Charting back to the start of the silver bull market, we can see that silver remains firmly in its multi-year uptrend. Contrary to negative sentiment expressed by some analysts, there has been no significant chart damage or other action to suggest that the bull market has run its course. It recently bounced off the bottom line of its trend channel, which also corresponds roughly with the 100-day moving average. This line has provided support during the vast majority of silver’s corrections over the past decade, with exception to the 2008 financial crisis.
While we could see one more dip below $30, I think any talk of a decline below $25 is now comfortably off the table. Silver is currently facing resistance at the critical level of $35. If it breaks to the upside through this level, I see silver reaching a high between $55 and $65 by year end. To the downside, I think the lowest silver will close out the year is around $31, in the event that short-term deflationary forces take hold. But as mentioned earlier, I think the central banks stand ready to go ‘all in’ in order to prevent this from happening.

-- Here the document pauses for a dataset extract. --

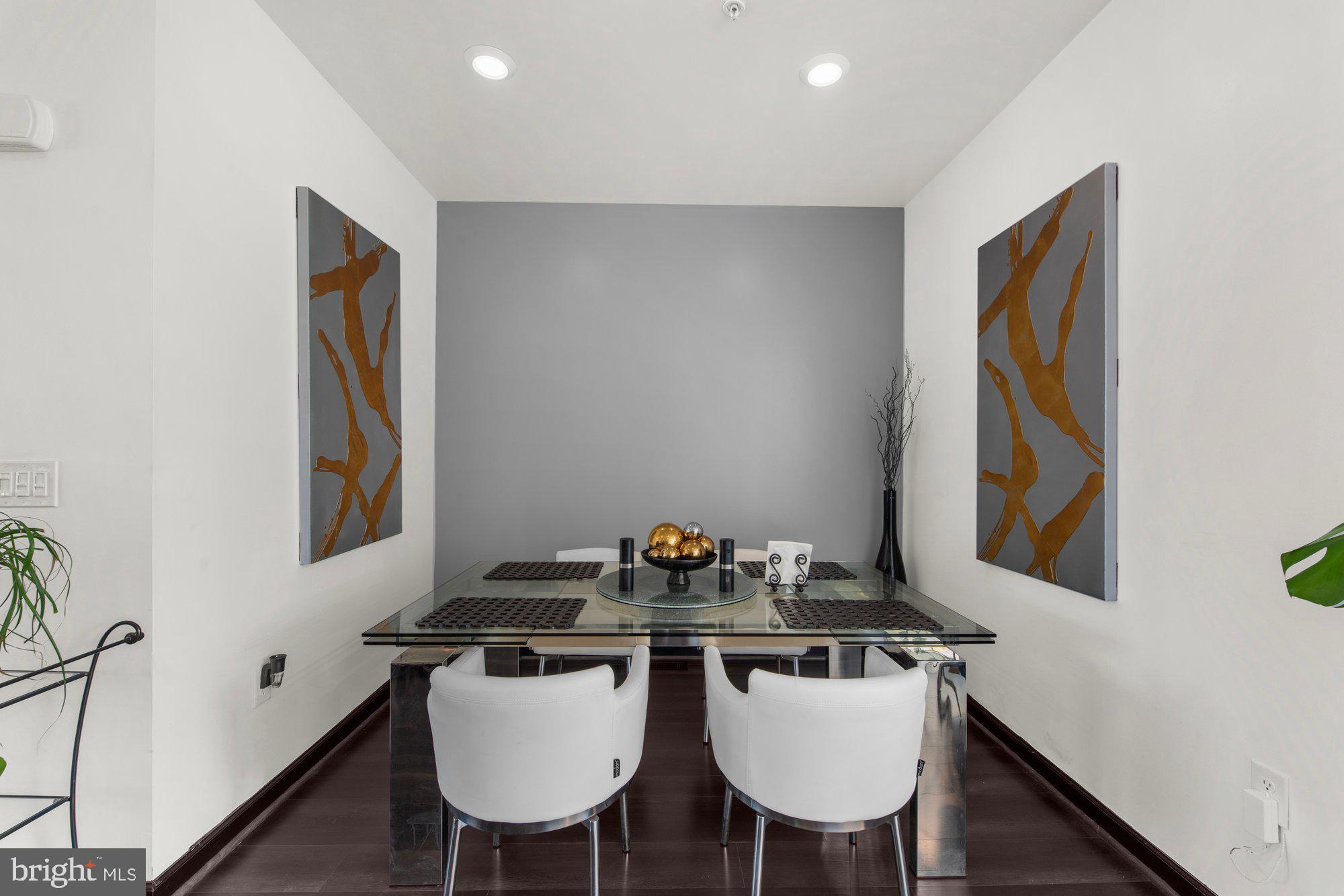 BROOKSIDE COURT AT UPPER SAUCON - Residential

These projections are relatively conservative and based on the long-term trend trajectory. Any number of events could send silver parabolic in the blink of an eye. The silver market is tiny in relationship to the paper money market and if even a small percentage of those dollars decide to buy silver, demand will overwhelm supply and send prices into triple digits. I ultimately believe silver could reach $500, but the more important consideration is the value/purchasing power increase of silver. One thousand ounces of silver used to be able to buy a median-priced home in the United State and I believe one thousand ounces will once again achieve this same feat in the near future.
Some view silver as an inflation hedge or way to preserve purchasing power. I see it as a way to vastly increase purchasing power over the next several years, with the worse case scenario being wealth preservation. I’ll take that risk/reward scenario any day.
The Obama administration just put forth a budget that will result in another annual deficit of over $1 trillion, despite promising to cut the deficit to $650 billion. The ECB is bathing euro banks in liquidity, the US Fed has literally guaranteed an inflationary environment until late 2014 and Silver Eagle sales are skyrocketing. There is also less above-ground investment-grade silver available than gold and this quantity is rapidly declining. This supply/demand situation can not persist at such depressed prices. Lastly, silver is money and the best form to own in the event of a collapse of the fiat monetary system. It is insurance that can provide significant returns and help you increase your purchasing power, all at the same time.
So don’t miss the train again this time around. While silver is currently in consolidation mode, this is not likely to last long. When the silver price finally takes off once again, you will not want to miss the fireworks. You need only have the courage to take the path less chosen. Buy when others aren’t interested and sell in the future when there is a shortage and everyone is clamoring to buy silver at any premium.